/websearcher

Primary LanguagePythonOtherNOASSERTION

Purpose

Python project to download web pages and search them.

Example usage

Get suggested spellings

Don't commit actual input file. In .gitignore ignored oovwords.csv

python3 -m get_suggested_spellings -in_dir "data/input" -in_file "oovwords.csv" -out_dir "data/output" -out_file "suggested_spelling_output.csv"

to use default argument values

python3 -m get_suggested_spellings

Get top hits

python3 -m get_top_hits

Concatenate regexes

python3 -m concatenate_regex

Download web pages

python3 -m download_web

Download pages 2 ways

Download web page containing HTML, then search

Download web page, store locally, then search

Storing pages enables searching multiple times without re-downloading.

Search files and write search output to file

Search is similar to Unix/Linux grep command

specify argument values

Note: Suggest use different values for download_directory and output file directory.

Otherwise subsequent searches might accidentally search an output file.

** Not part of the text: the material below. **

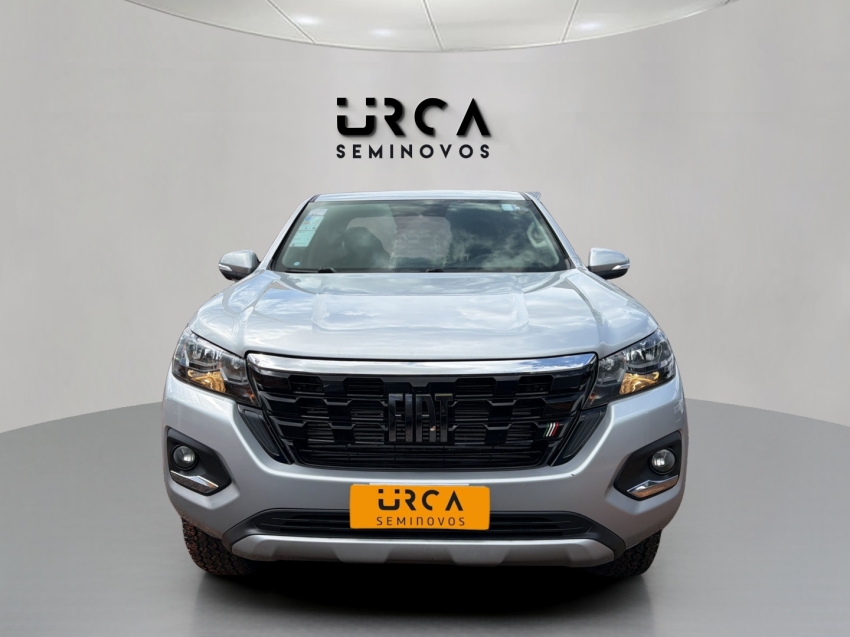 titano 2.2 turbo diesel volcano 4x4 at61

python3 -m search_web -expression "ython" -search_directory "data/downloads" -out_dir "data/output" -out_file "websearcher_output.txt"

to use default argument values

python ./websearcher/search_web.py

References

Download web page containing HTML and Javascript

http://stackoverflow.com/questions/8049520/web-scraping-javascript-page-with-python

http://blog.databigbang.com/web-scraping-ajax-and-javascript-sites/

http://stackoverflow.com/questions/11804497/python-3-web-scraping-and-javascript-oh-my?rq=1

Google spell checker api

| free use is limited, then pay | https://code.google.com/archive/p/google-api-spelling-java/

Beautiful Soup

https://www.crummy.com/software/BeautifulSoup/bs4/doc/

https://www.crummy.com/software/BeautifulSoup/bs4/doc/#searching-by-css-class

http://stackoverflow.com/questions/11331071/get-class-name-and-contents-using-beautiful-soup

searcher

Python 3 project to search local file directories

https://github.com/beepscore/searcher

Appendix Why use selenium?

Many web requests return a combination of HTML and Javascript. In these cases, we can use a web browser to run the javascript and get more html.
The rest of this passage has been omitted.